* TASK DETAILS *
Each line of the data that mentions the string "Black" needs to be identified and copied.

* DATA UNDER STUDY *
****************
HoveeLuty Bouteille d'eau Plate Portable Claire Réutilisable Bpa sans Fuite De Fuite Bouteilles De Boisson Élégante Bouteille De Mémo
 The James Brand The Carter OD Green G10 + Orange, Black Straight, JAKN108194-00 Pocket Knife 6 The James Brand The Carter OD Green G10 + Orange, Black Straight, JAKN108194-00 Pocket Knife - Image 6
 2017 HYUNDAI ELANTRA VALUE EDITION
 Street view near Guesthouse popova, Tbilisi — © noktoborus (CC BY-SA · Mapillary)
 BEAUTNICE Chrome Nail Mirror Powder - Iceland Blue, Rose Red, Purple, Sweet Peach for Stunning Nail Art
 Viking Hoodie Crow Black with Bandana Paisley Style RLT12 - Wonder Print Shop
****************
* OUTPUT *
 The James Brand The Carter OD Green G10 + Orange, Black Straight, JAKN108194-00 Pocket Knife 6 The James Brand The Carter OD Green G10 + Orange, Black Straight, JAKN108194-00 Pocket Knife - Image 6
 Viking Hoodie Crow Black with Bandana Paisley Style RLT12 - Wonder Print Shop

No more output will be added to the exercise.